Geri Hirsch, founder of Because I'm Addicted, is as proud California girl, born and raised in Los Angeles. After finishing business school and feeling unfulfilled at my her very serious first job, she started blogging in 2005 as a creative outlet and has been doing it ever since. Nowadays, she loves sharing inspiration for fashion, recipes, and a lifestyle that feels good and is full of balance (think red wine with a side of dry brushing). You can find her and her wellness-obsessed husband in L.A., travelling, listening to old records, and planting in their organic garden. We're thrilled to have her on as a contributor for THE/THIRTY, where she'll be sharing her health, diet, and wellness pointers each month.
As a blogger and writer, it can feel like I need to be “on” every day. Between photo shoots, in-person meetings, and writing deadlines, there’s hardly a day when I don’t have something due. And it’s not just something that bloggers struggle with—I know all jobs come with the same sense of daily pressure.
So what happens on that days that you just can’t? I’ve been there, believe me! But I’ve definitely developed a few tips to work around creative ruts or when motivation cannot be found.
Log off social media for the day
Between everything going on in the world right now and the black hole that social media can be, I find that turning it off completely helps in more ways than one. Instead of letting my mind feel scattered and overwhelmed from the information—not to mention the comparison with who is doing what—I give my brain time to chill when I’m feeling unmotivated. It might sound counterintuitive, but stuffing it with more info (much of it useless) only makes the problem worse.
Whether it’s a true meditation session or walking without headphones in nature, it’s crucial to let your mind recharge. On days that I’m having writer’s block or something similar, I give myself a break with a form of meditation. The mental clarity I can gain after doing so is insane.
Get a good night's sleep
I find that when I run into creative ruts or the “I can’t” days, it’s because I haven’t been sleeping well. Instead of burning the midnight oil and forcing motivation to come, I prioritise getting a bunch of sleep. I’m usually feeling a lot better the morning after—and the motivation will naturally flow.
Make the most of good energy
When it all comes down to it, there are simply days that we’ll feel “off”—we’re human after all! And sometimes we need a personal day where we can veg out and not think about deadlines and the like. Which is why I utilise my good, motivational energy whenever it shows up.
For my job specifically, this means writing multiple blog posts when I’m in a good writing rhythm. Or taking extra “stock” photos at photo shoots so that I can use them on days where I want to stay in yoga pants and a top knot (and not shoot for Insta).

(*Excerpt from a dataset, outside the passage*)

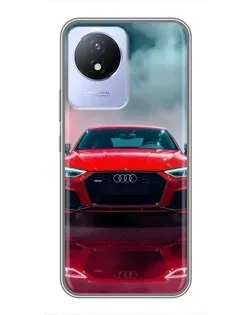 Чехол для Vivo Y02 с картинкой «Audi RS — красный стиль»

Take advantage of the times where your brain and body are naturally energised, and set yourself up for success in the future. You’ll be happy you did!

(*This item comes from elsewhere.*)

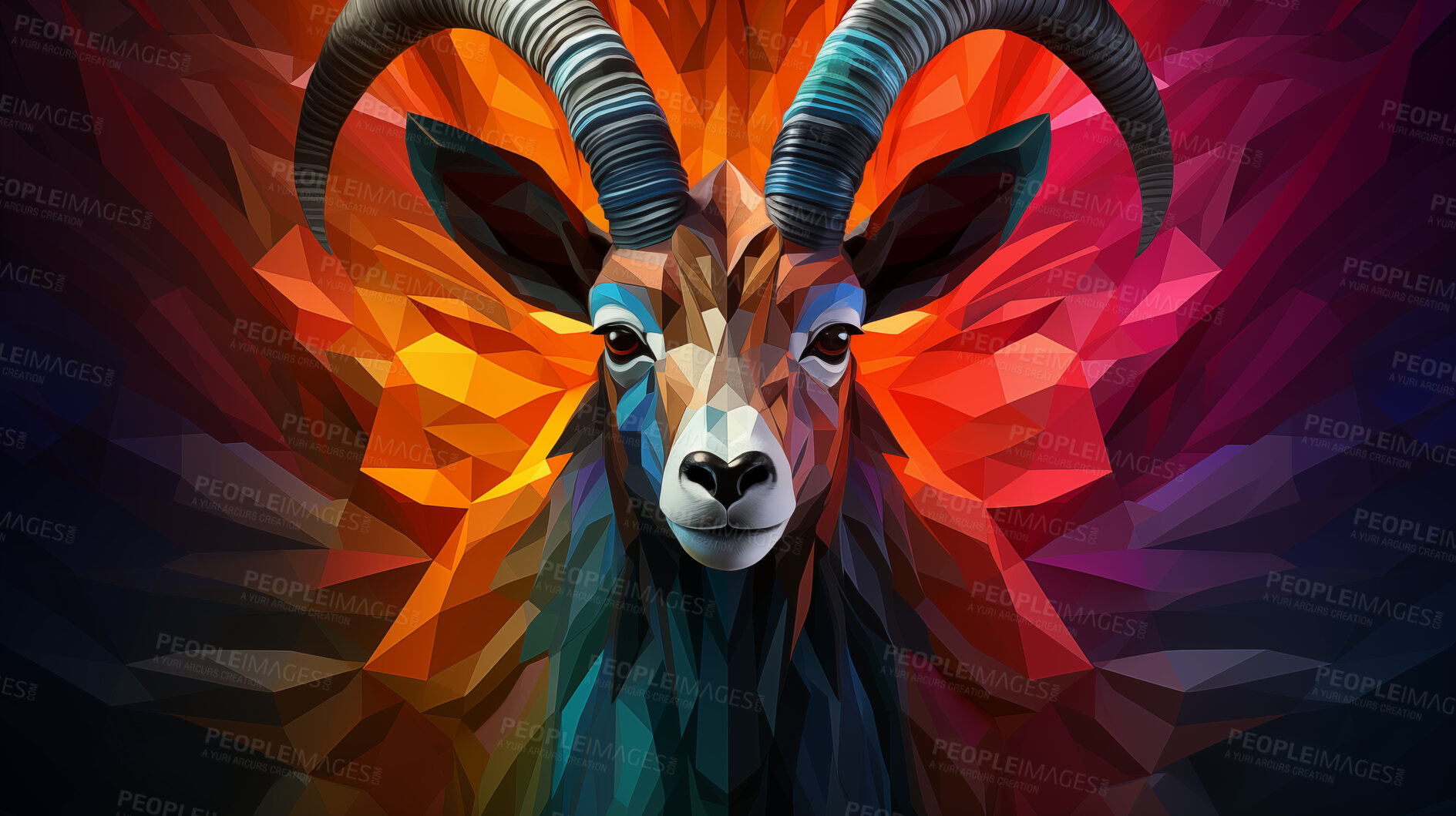 Buy stock photo Colourful geometric illustration of a goat. Poly graphic on black background.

Try the Pomodoro technique
If you absolutely must get something done and you haven’t planned in advance, it’s all about the Pomodoro Technique. It’s a productivity technique that basically forces you to work hard for short spurts—eventually leading up to a day of getting stuff done like a boss.
Essentially, you work for X amount of time, then break for X amount of time. You can play with the ratio that works for you, but for me, I work for 25 minutes, and then take a five-minute break—over and over and over until my tasks are complete.

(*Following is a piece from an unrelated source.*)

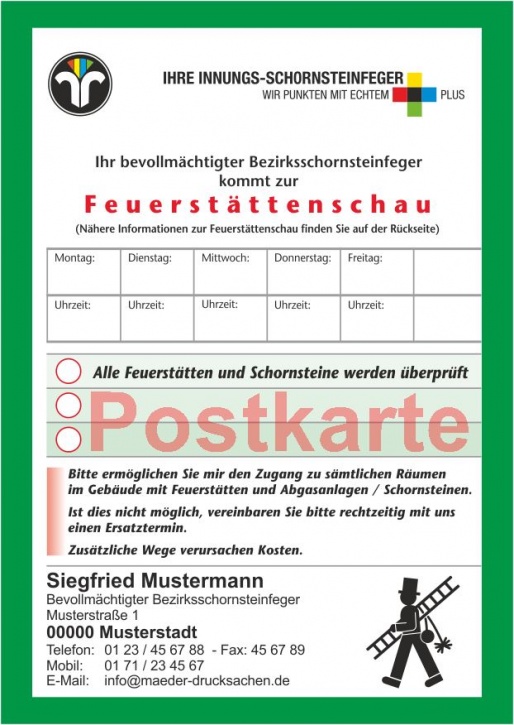 Ansagezettel als Postkarte, Feuerstättenschau, DIN A5, Innungs-Schornsteinfeger, Schornsteinfeger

During my 25 minutes, or the “on” time, it’s important to tune out all distractions. Close your email inboxes, turn your phone over, turn off the TV—whatever. Then, during your “off” time, it’s just as important to limit your technology still. The five minutes is a mind reset, and your phone will only add more noise. I save my Instagram scrolling for lunch or when I’m totally done with the task—and instead use the five minutes to stretch, walk around the house, grab tea, etc.
Voilà! Productivity even on the most unmotivated days.